10式戦車の履帯が外れてしまい回収するまで
今回は富士総合火力演習でファンの方が撮影した10式戦車の珍しい動画がyoutubeにアップされていましたので紹介します。
10式戦車登場!!
富士総合火力演習ではさまざまな兵器が登場しますが、その中での花形なのが戦車での演習です。
動画では10式戦車が数両進出して、目標に相対する状態になっていますが、右側の10式戦車1両の様子がちょっとおかしいです。
履帯が外れてしまう…
カメラがズームアップすると、なんとキャタピラ(本来キャタピラは商標なので「履帯(りたい)」というのが正しいそうです)が外れてしまっています。
どうやら方向転換をする時に外れてしまったようですね。
回収車登場!!
回収車が登場します。

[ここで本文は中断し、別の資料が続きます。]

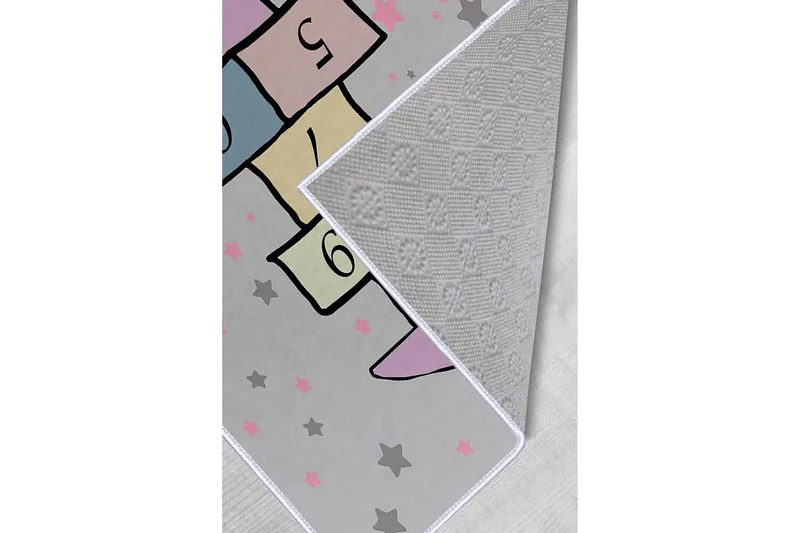 Nooralha Gangmatte 100x150 cm Rektangulær - Flerfarget - Tekstiler - Tepper & Matter - Moderne tepper - Gangmatter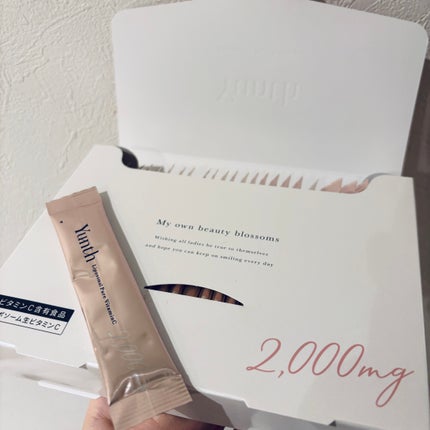 リポソーム生ビタミンC/Yunth/美容サプリメントを使ったクチコミ(1枚目)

戦車にはそれ専用の回収車が配備されているそうです。
10式戦車では11式装軌車回収車という10式戦車の車体ベースで作られた回収車があるそうですが、今回登場したのは90式戦車回収車という種類のようです。愛称はリカバリーと言うそうです。
今回は使われませんでしたが、動画でもわかるように大型のクレーンが搭載されており、戦車の重量でも釣り上げることができるようになっています。
この回収車で牽引して回収するようです。
回収作業開始!!
サイドスカート取り外し
戦車の搭乗員、回収車の搭乗員が10式戦車のサイドスカートを外しています。サイドスカートは側面装甲の意味合いがありますが、10式戦車の場合、それほど厚みはないものになっています。

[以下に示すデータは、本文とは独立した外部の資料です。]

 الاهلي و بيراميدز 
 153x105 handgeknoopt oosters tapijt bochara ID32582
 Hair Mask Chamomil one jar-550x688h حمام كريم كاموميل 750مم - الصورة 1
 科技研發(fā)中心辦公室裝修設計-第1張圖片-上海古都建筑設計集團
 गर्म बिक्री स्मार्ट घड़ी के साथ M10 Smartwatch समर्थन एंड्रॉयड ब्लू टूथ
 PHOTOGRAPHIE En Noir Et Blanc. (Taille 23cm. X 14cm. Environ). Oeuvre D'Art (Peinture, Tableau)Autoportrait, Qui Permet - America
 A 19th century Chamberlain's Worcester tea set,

それでも隊員の方と比べると、一枚一枚がかなり大きなものであることがわかります。
サイドスカートは上部がピンで止められているので、それを抜くことで外せるということです。
めくれ上がってしまった箇所のサイドスカートは外して、その他は上に上げて回収時に干渉しないようにしています。
履帯切り離し
履帯を連結しているピンの引き抜き作業をしているところだと思われます。
これは自転車やバイクのチェーンと同じく、ピンで連結しているようでピンを引き抜けば履帯を切り離せるようです。
自転車やバイクのチェーンの場合はチェーン切りという道具がありますが、履帯の場合は大きなハンマーで打ち付けて抜いていくのですね。
滑りを良くするためか潤滑剤を吹き付けている場面もあります。
履帯の回収と車体の牽引
履帯切り離しの作業が終わり、車体から履帯を引き離す作業に移ります。
ズルズルと履帯が引きずられていきます。とても人では動かせない重量なのでしょうね。
完全に車体から引き離せた後は、履帯を曲げて金属ロープに引っ掛けて戦車後部に結わえています。これで履帯も引きずっていくということなのですね。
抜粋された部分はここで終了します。